Là, il faut bien retenir son souffle : d’abord, il y a Francis Ngannou. Un gamin de Batié, au Cameroun, trop pauvre pour aller à l’école, qui fracasse des pierres dans une mine de sable, commence la boxe la vingtaine déjà entamée, tente sa chance en Europe en traversant la Méditerranée, connaît la prison à son arrivée en Espagne avant de trouver sur le sol français refuge à la MMA Factory, hub français de la pratique, avant d’être propulsé champion de l’UFC (la plus importante fédération de MMA) à la force de ses deltoïdes monstrueux. Ensuite, Tyson Fury. Dit le «Gypsy King», gitan et deuxième roi d’Angleterre, individu régulièrement en chemise à fleurs en soie qui engonce son physique débordant, ce qui ne l’empêche pas (le mauvais goût aussi bien que le bidon rebondi) d’être probablement le meilleur poids lourd de son sport au XXIe siècle. Voilà pour les deux protagonistes.
Les suivants : Mike Tyson, légende vivante des lourds et d’ailleurs ancien baddest man, devenu l’espace de quelques mois le coach de Ngannou grâce aux sous des Saoudiens, dont les combats éclair ont directement inspiré John Fury pour prénommer son rejeton Tyson. Et ce dernier, pas le moins zinzin de la famille, qui en vient directement à défier Mike Tyson lors de la confrontation d’avant-combat, abordée de la même manière que son fils, le nombril à l’air. En septembre, Tyson Fury exposait tout haut un rêve de gamin : «Imaginez un bébé qui tient son prénom d’un champion du monde et que ce bébé devienne ensuite lui-même champion du monde. Ce bébé devenu champion du monde affronte quelqu’un et le gars à qui il doit son prénom entraîne cet adversaire. Francis dit être dans un rêve mais je le suis aussi.»

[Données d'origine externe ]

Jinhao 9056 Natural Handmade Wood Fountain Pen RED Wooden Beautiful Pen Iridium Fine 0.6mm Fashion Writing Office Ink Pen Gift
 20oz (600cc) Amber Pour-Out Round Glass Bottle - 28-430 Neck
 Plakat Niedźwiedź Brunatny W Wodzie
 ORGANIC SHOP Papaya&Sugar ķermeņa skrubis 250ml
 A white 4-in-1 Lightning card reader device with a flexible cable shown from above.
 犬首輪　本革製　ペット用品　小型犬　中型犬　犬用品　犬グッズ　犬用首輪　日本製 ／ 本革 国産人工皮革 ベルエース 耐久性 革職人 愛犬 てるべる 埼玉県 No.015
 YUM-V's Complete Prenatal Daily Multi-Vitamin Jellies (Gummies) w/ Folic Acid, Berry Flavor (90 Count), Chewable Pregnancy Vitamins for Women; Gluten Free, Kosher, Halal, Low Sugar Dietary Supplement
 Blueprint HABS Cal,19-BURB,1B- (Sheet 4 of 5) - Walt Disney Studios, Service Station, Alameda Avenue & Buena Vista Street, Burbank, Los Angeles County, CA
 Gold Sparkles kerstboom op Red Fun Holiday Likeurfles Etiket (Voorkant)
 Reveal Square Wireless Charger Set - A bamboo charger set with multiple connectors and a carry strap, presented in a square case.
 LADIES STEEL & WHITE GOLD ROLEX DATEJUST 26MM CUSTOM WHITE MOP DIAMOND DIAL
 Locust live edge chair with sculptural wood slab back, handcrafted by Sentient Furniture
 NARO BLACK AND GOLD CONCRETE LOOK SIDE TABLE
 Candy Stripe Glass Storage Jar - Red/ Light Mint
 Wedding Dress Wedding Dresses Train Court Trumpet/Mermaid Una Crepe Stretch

«Boom, boom, boom, t’en foutre plein la tête»
Depuis quelques jours, Fury et Ngannou se prêtent au jeu. «Regardez comme il est gros ! C’est une saucisse grasse», dit le premier. «Il agit comme un fou, mais il est malin», répond le deuxième. L’Anglais, qui a l’habitude de bêtifier, mais reste un stratège sous ses airs balourds et son phrasé de marlou, a carrément donné le brouillon de son combat à son adversaire, en pleine interview télévisée… signe que le duel est à mille lieues d’en être un. «Je vais te foutre KO en six rounds, et je vais te dire comment : je vais y aller le pied en avant, mettre 19 ou 20 parpaings avec mon jab, boom, boom, boom, t’en foutre plein la tête, et bang ! KO !»
Sans trop spéculer, personne ne se risquerait à contredire ce plan puisqu’on parle là d’un combat entre un multiple champion du monde et un homme qui assure sa première confrontation, quand bien même sa droite a la même puissance qu’une Ford Escort lancée à pleins tubes, selon des scientifiques de l’UFC, l’ancienne organisation de Ngannou.
Alors, une bouffée d’air pour le noble art, ou une nouvelle preuve de sa perte de vitesse depuis une dizaine d’années, avec le boom concomitant du MMA ? Réponse : du flouze à gogo. Dopé par le pay-per-view (l’achat à l’unité du combat, qui concerne la France puisqu’il faudra dépenser 14,99 euros en plus de l’abonnement à la plateforme de streaming DAZN), le combat va, a priori, faire ruisseler les millions. Ngannou, qui n’a plus combattu dans la cage depuis son succès contre le Français Cyril Gane il y a près de deux ans, devrait doubler le total de ses primes obtenues sur toute sa carrière à l’UFC – on parle de 8 millions de dollars quand ses 19 combats lui ont rapporté moins de 3 millions de dollars. Une consécration pour le Camerounais puisqu’il s’était retiré de l’UFC, organisation XXL mais pingre, pour la plus confidentielle PFL, une histoire de gros sous. Tyson Fury, après avoir bien garni sa bourse, bataillera contre l’Ukrainien Oleksandr Usyk à la fin de l’année pour unifier les ceintures. Un combat de boxe pour de vrai, celui-là.